Parts replacement: Not good enough
Why “doing the same thing we’ve always done” isn’t an acceptable approach is best explained by an example. For the sake of illustration, consider example case 1 — a centrifugal pump that develops a problem. It’s taken to the repair shop and dismantled. The technician finds a defective bearing and replaces it. The pump is reassembled, reinstalled and restarted. The technician might not realize that the failed bearing had been weakened by water in the lube oil. If nothing is being done to exclude water, the repair cycle will simply roll onward and downward.

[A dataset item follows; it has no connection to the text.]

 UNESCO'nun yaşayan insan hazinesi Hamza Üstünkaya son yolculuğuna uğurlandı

Cost-effective remedial action through upgrading would involve installing a dual-face magnetic bearing housing protector seal (Figure 1), as was done in a municipal water pump (Figure 2). Before this modification, bearings had lasted only about two months. With the seals, the bearings have been in service for more than two years and exhibit no sign of distress.

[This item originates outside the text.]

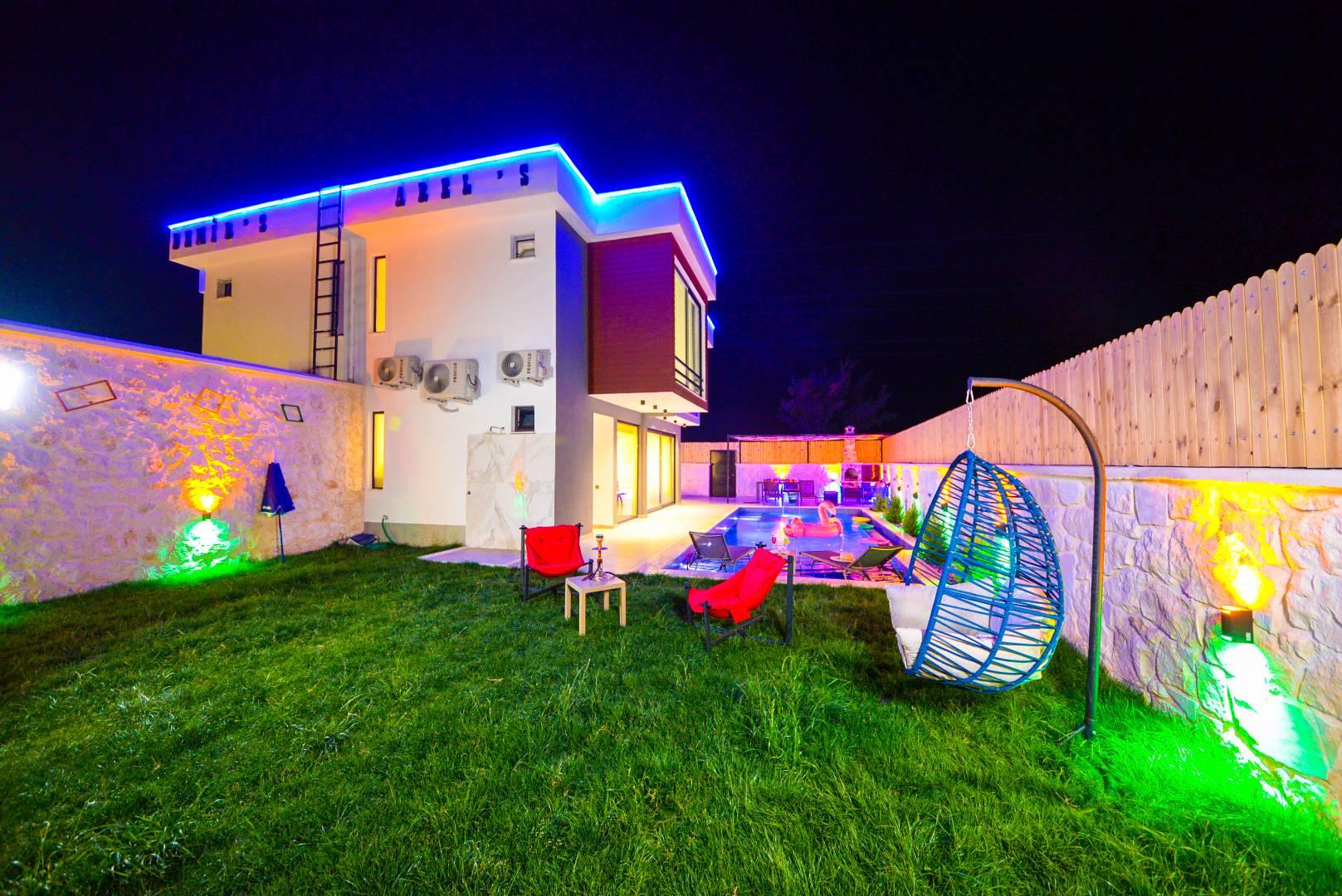 Kaş Ağullu'da Gözlerden Uzak, Özel Havuzlu, Modern Villa-40469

Figure 1: Dual-Face Magnetic Bearing Housing Seal (Source: AESSEAL plc, Rotherham/UK, and Knoxville/Tennessee)
Figure 2: Vertically-oriented Axially Split Centrifugal Pump in Municipal Water Service. Installing a Dual-Face Magnetic Bearing Housing Seal Prevented Future Water Contamination (Source: AESSEAL plc, Rotherham/UK, and Knoxville/Tennessee)

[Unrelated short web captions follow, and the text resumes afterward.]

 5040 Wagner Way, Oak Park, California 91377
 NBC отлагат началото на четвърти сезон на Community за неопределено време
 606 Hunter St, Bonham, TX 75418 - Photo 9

Structured failure analysis
There are literally hundreds of examples of a properly structured root-cause failure analysis and upgrade program yielding immediate and measurable payback. Fortunately, such programs are deceptively simple and quickly implemented by anyone who wishes to do so. We call it the FRETT approach because it recognizes that, without exception, the basic agents of machinery component and part failure mechanisms are always force, reactive environment, time or temperature1. These basic failure mechanism agents may combine to hasten component degradation.
Isolate the basic agents involved through a process of elimination. Start by thoroughly examining the failed part and determining from its appearance whether the damage occurred while the pump was operating or while standing still. Suppose the technician had observed corrosion on the bearing. If it had occurred in operation, the corrosion would be uniform. Non-uniform corrosion would suggest that it had happened at standstill.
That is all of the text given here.